経営規模が小さい会社でも、経営は厳しいと言われる。売上が低ければそれだけ利益の総額も少ないわけで、その少ない利益から「投資」をするとなれば、それはかなり厳しいだろう。
一方で、売上が5億、10億、50億を越えれば、経営が楽になるのか?経営が良くなるのか、というとそんな単純な話しではない。経営規模が大きくなっても、厳しいことに変わりはない、という話しをよく聞く。

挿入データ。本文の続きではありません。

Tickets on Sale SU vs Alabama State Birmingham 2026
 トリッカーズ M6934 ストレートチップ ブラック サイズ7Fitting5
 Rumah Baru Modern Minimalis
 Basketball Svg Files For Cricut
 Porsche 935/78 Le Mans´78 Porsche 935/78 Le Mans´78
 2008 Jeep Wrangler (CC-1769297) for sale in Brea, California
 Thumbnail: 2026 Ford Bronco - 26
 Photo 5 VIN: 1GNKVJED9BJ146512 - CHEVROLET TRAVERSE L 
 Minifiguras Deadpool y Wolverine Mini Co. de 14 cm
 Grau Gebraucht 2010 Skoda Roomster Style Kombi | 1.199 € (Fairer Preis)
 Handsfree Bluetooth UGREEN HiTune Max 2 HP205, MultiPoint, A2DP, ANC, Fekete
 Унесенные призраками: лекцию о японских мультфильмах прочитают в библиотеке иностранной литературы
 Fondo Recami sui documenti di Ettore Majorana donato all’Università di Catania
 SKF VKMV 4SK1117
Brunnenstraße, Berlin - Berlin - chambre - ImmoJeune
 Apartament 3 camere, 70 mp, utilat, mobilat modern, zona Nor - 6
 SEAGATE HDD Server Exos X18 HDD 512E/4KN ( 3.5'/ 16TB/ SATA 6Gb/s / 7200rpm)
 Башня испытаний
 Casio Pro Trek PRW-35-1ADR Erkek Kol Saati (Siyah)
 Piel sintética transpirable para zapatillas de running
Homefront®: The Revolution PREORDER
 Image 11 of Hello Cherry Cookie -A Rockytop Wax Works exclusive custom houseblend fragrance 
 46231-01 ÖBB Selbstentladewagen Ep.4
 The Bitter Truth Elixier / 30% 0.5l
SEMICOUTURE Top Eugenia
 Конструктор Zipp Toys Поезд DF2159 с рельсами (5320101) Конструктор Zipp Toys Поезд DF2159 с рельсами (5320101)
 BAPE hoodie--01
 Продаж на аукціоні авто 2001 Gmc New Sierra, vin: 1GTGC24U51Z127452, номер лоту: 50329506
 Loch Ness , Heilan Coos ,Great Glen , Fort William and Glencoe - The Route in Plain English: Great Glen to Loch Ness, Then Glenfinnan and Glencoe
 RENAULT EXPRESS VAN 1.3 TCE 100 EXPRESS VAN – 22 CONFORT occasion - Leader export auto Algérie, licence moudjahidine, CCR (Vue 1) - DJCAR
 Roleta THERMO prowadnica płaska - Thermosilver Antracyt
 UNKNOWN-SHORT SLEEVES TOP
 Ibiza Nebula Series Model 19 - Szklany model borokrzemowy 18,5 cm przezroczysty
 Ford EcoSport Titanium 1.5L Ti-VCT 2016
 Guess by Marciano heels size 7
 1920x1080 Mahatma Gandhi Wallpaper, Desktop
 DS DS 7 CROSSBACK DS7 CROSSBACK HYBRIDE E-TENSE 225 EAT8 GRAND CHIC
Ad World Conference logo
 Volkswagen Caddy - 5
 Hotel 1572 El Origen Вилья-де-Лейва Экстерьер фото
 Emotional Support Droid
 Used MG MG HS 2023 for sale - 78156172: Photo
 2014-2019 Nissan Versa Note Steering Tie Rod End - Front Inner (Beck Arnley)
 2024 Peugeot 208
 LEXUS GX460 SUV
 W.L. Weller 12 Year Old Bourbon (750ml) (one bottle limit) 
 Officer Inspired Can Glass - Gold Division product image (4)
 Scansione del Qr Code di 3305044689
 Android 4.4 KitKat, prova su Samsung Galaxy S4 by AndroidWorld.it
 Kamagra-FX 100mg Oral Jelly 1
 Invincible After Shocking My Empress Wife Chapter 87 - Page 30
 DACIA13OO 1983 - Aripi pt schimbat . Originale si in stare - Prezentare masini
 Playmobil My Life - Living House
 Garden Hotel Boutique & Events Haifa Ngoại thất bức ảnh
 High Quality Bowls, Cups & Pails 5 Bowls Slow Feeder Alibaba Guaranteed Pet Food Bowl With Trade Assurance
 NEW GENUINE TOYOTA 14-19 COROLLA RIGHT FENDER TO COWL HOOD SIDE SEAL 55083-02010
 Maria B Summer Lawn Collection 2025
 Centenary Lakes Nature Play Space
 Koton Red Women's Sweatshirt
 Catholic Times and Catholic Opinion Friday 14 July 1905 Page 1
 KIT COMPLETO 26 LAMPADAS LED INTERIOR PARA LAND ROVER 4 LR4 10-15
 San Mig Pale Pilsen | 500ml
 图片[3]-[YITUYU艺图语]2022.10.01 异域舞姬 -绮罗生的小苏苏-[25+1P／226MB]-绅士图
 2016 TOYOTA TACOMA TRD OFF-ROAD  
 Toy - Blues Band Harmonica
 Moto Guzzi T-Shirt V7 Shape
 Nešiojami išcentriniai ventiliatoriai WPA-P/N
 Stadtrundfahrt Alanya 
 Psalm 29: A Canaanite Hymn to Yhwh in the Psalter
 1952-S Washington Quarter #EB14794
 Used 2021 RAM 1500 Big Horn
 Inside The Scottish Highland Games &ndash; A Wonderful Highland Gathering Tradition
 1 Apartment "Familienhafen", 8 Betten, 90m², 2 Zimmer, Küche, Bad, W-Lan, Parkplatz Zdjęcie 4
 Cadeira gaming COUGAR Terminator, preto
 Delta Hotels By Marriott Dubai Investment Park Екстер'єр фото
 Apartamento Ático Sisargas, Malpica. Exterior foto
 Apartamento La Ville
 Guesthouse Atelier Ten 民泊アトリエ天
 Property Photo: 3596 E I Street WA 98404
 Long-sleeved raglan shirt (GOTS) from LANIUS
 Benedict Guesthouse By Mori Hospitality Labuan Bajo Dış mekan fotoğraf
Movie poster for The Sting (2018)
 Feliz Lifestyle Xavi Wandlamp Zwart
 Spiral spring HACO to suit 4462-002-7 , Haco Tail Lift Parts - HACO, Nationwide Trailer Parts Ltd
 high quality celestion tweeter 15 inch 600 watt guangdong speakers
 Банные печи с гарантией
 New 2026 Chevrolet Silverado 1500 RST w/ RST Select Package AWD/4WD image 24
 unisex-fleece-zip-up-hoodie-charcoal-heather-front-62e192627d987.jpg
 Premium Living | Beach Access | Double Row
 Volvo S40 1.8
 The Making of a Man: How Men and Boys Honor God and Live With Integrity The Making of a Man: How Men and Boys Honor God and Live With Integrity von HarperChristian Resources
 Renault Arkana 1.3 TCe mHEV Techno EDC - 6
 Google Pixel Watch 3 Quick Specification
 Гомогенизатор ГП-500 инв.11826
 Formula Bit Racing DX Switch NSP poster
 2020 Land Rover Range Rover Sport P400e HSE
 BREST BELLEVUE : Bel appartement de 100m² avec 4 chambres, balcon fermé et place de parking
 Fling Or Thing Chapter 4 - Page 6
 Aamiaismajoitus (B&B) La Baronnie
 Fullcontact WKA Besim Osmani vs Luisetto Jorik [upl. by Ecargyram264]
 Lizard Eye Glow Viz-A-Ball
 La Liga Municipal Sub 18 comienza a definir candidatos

会社において、売上が大きい会社の方が「有利」であることは間違いない。経営において、売上拡大、利益拡大を目指す経営は間違ってはいない。しかし、当然のことながら、売上規模が拡大すれば、今まで経験のなかった「悩み」は、多く増える。人材の悩み、人材教育の悩み、投資のタイミング、自分1人でやっていれば、自分でやれば良かったモノがそれでは立ち行かなくなる。そうした中で、経営者1番の悩みは、「キャッシュフロー」である。キャッシュの管理である。
月100万の売上と仕入れから、月1,000万円の売上と仕入れに変化する。そうすると、今までよりも扱う金額大きくなると、「楽」になるか?のように錯覚する。が、この考え、発想は根本的に間違っている。売上規模が拡大すると、キャッシュフローは厳しくなる、マイナスに動いているのである。
月100万円の売上なら、手元に500万円でもあれば、何か不足の事態が起きても対処可能だが、これが月1,000万円になれば、500万では1ヶ月の仕入れ代金すら払えない。手元に2,000万でも3,000万でも抱えておかなくては、安心できない。じゃあ、どうやって、2,000万、3,000万ものキャッシュを増やすのか?そんな簡単に増やせる話しではない。
これが売上規模が10億の会社であれば、手元に1億あっても不安である。2億、3億となくてはならないが、そう潤沢なキャッシュを保有している会社はそう多くない。ましてや、100万や200万なら経営者個人の負担で何とかできるが、これが、1,000万、2,000万、もしくは、1億、2億を今月中に用意しなくてはならない、となれば、それはほぼ不可能である。
売上が拡大した会社では、キャッシュフローが相当厳しくなる、ということを事前に自覚しておく必要がある。売上が多いから安心では決してない。一方で、売上が規模が小さければ、これから先の投資はできない。それもまた、行き着く経営はジリ貧となる。